→ WHAT TO PRODUCE
Copy each entry precisely as written, and do not carry over the pictures.

(EXCERPTED DATA Opens)

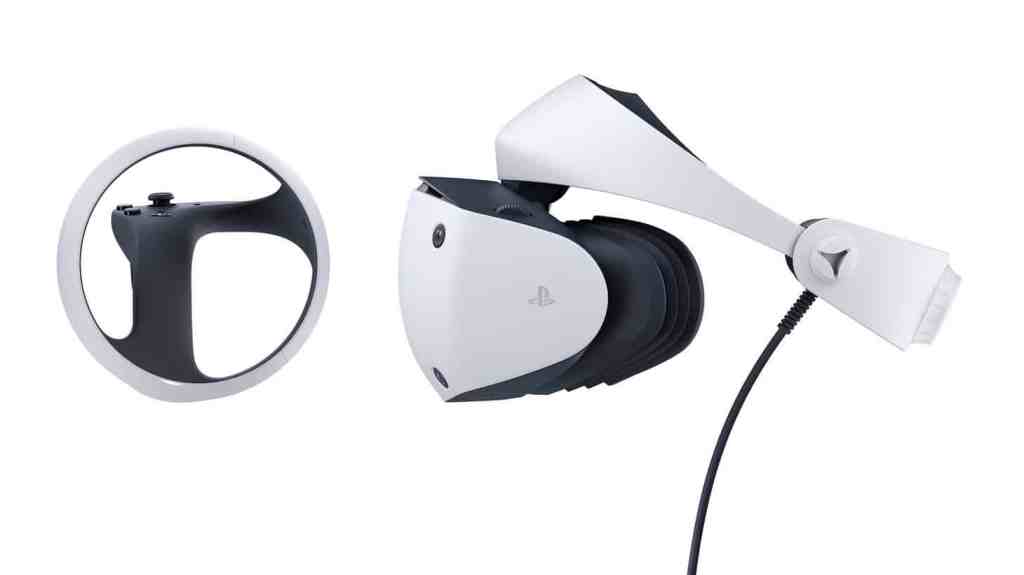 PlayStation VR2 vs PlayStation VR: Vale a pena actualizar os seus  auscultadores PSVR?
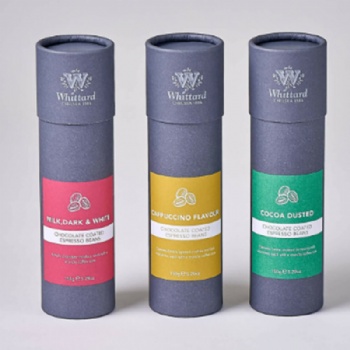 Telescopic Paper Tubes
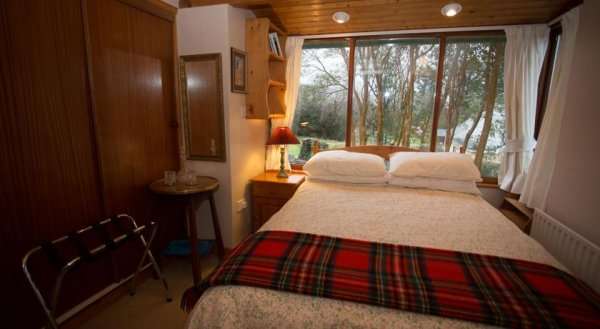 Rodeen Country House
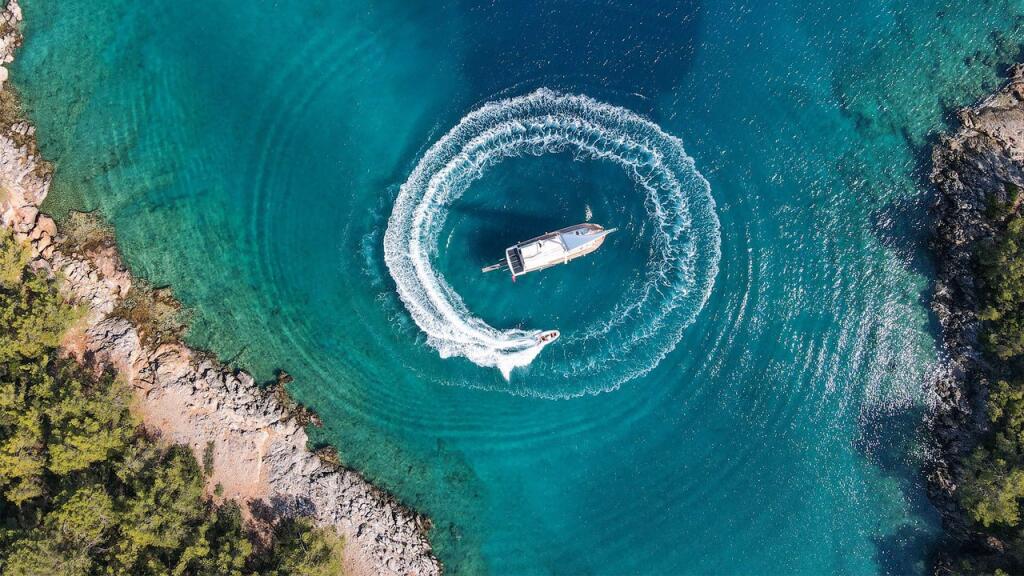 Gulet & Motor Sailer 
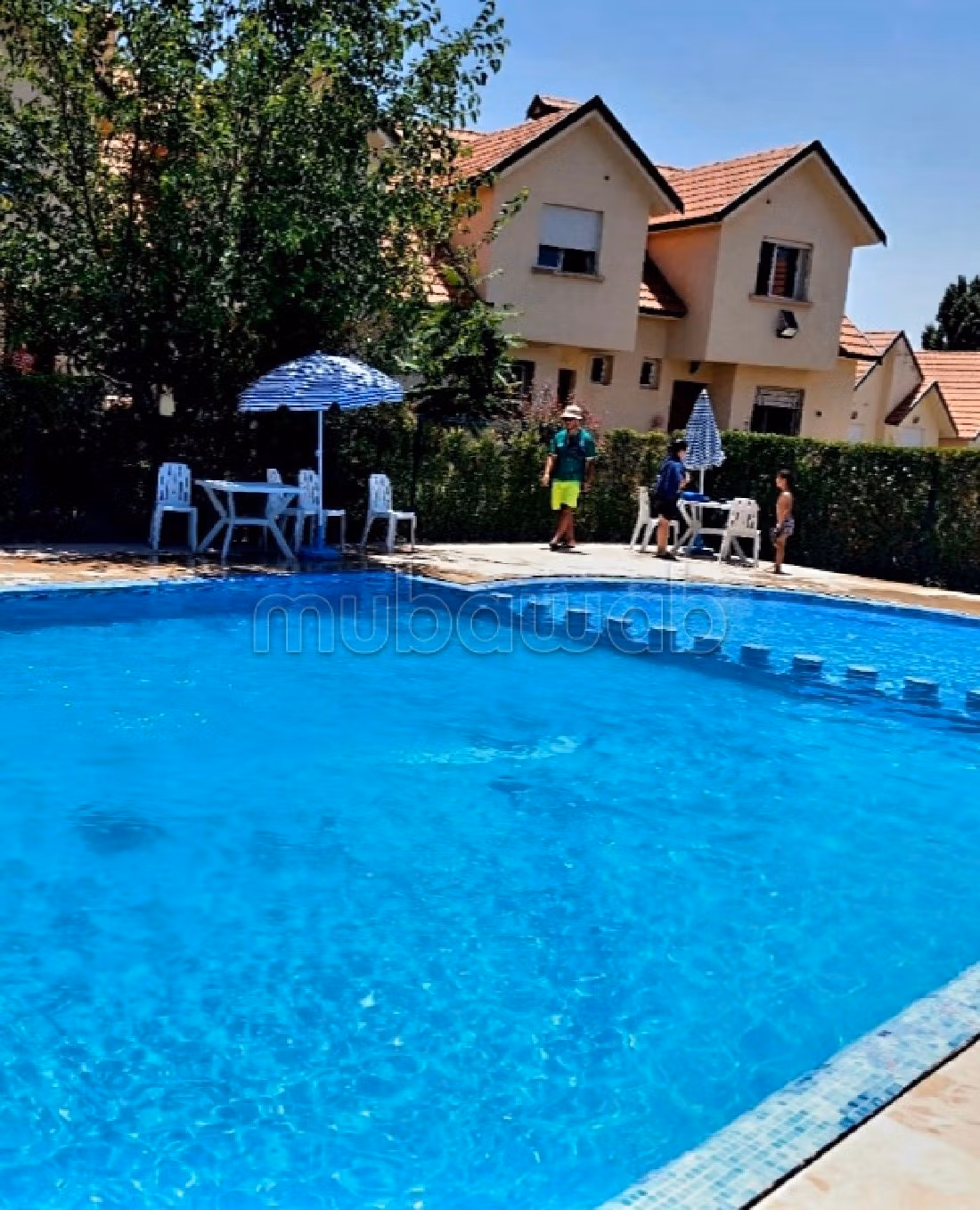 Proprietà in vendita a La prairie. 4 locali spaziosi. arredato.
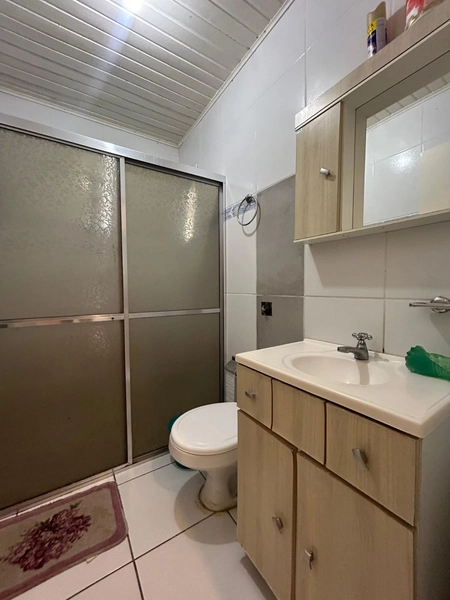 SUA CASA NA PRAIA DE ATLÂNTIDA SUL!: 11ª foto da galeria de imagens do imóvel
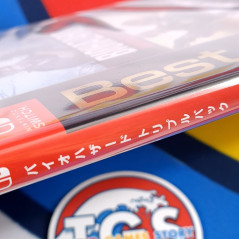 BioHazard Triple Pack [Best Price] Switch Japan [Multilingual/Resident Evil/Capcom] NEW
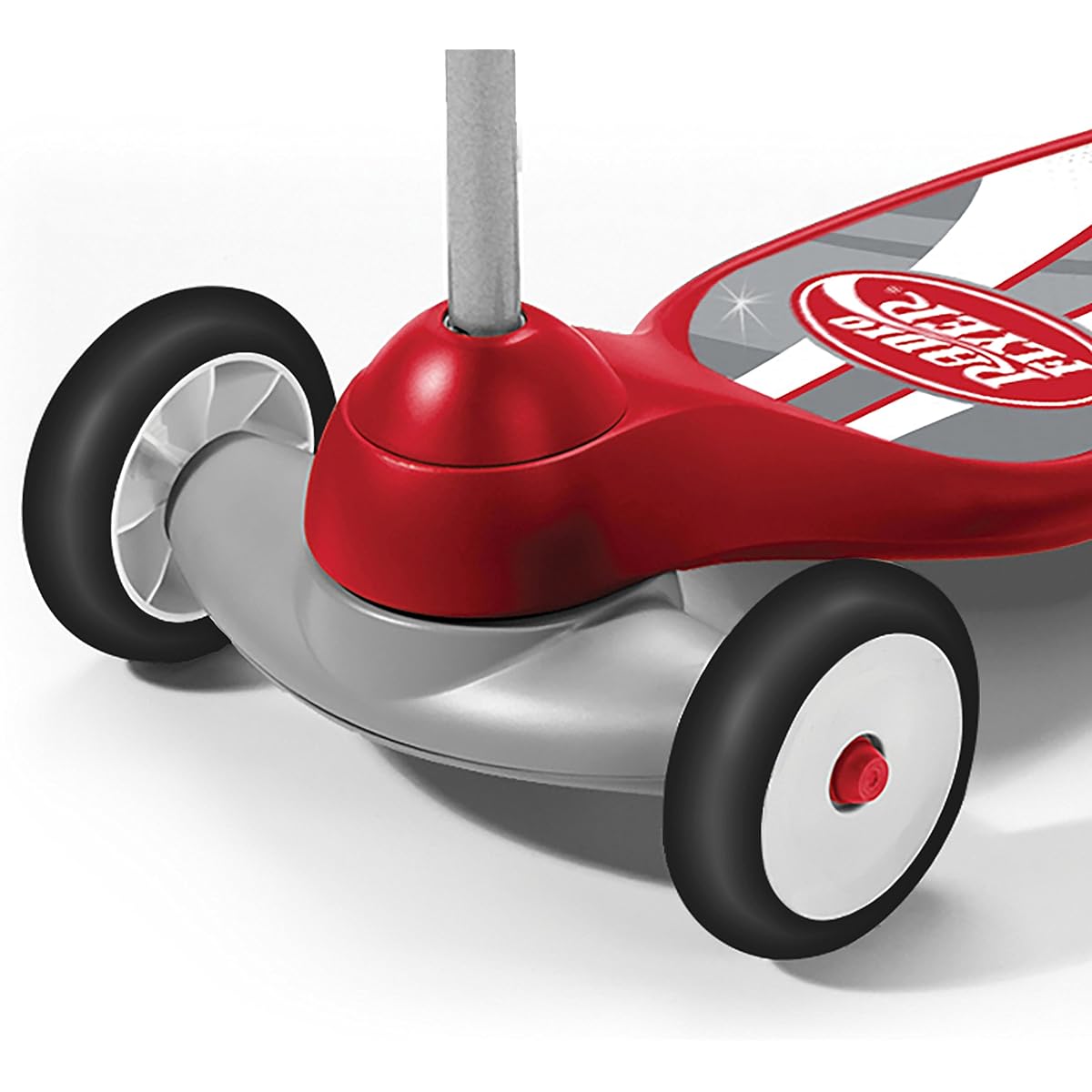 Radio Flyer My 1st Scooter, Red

(EXCERPTED DATA Closes)

→ ANSWER AREA
 PlayStation VR2 vs PlayStation VR: Vale a pena actualizar os seus  auscultadores PSVR?
 Telescopic Paper Tubes
 Rodeen Country House
 Gulet & Motor Sailer 
 Proprietà in vendita a La prairie. 4 locali spaziosi. arredato.
 SUA CASA NA PRAIA DE ATLÂNTIDA SUL!: 11ª foto da galeria de imagens do imóvel
 BioHazard Triple Pack [Best Price] Switch Japan [Multilingual/Resident Evil/Capcom] NEW
 Radio Flyer My 1st Scooter, Red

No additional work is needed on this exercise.